WHAT TO WORK ON
Transcribe only what runs from the line containing "Persistence = Results!" through the end of the listing, line for line and exactly, and omit the pictures.

RECORDED DATA
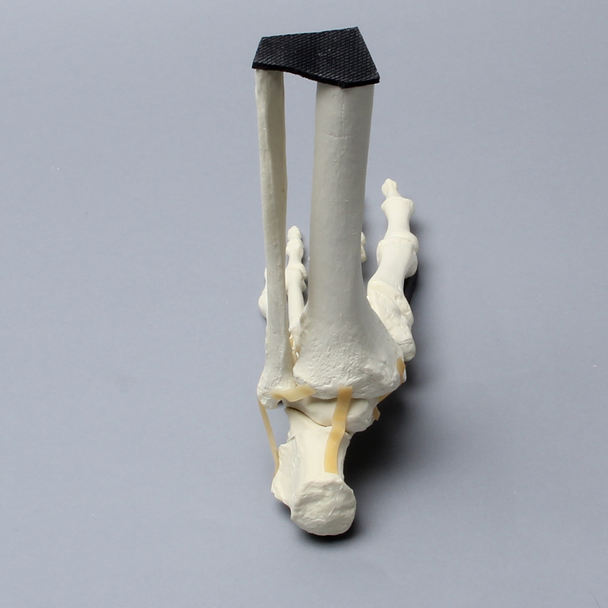 Foot and Ankle with Calcaneal Fracture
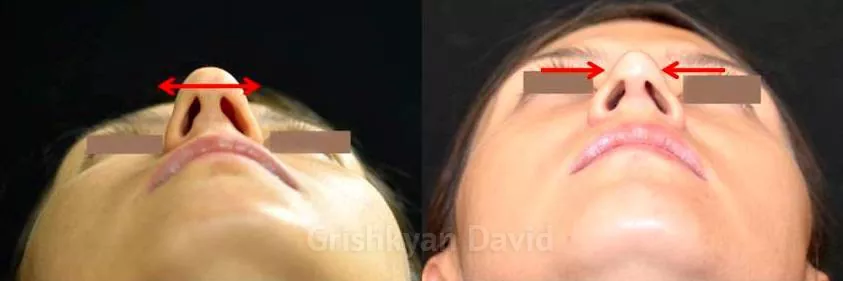 Ринопластика кончика носа фото до и после. Фото с сайта Д.Р. Гришкяна. Имеются противопоказания, требуется консультация специалиста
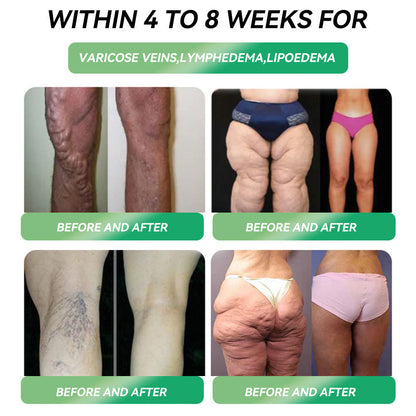 Persistence = Results! 30% HHVB discount for a limited time. Many users choose to purchase 6 boxes at a time (60 DAYS usage) as this not only stabilizes the results, but also allows them to take advantage of the awesome combo offer! 👍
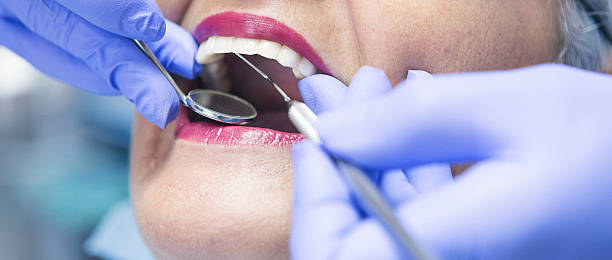 Best Emergency Treatment for Dental Infections or Abscesses in Lake Ssota, WI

SOLUTION TO THIS TASK
 Persistence = Results! 30% HHVB discount for a limited time. Many users choose to purchase 6 boxes at a time (60 DAYS usage) as this not only stabilizes the results, but also allows them to take advantage of the awesome combo offer! 👍
 Best Emergency Treatment for Dental Infections or Abscesses in Lake Ssota, WI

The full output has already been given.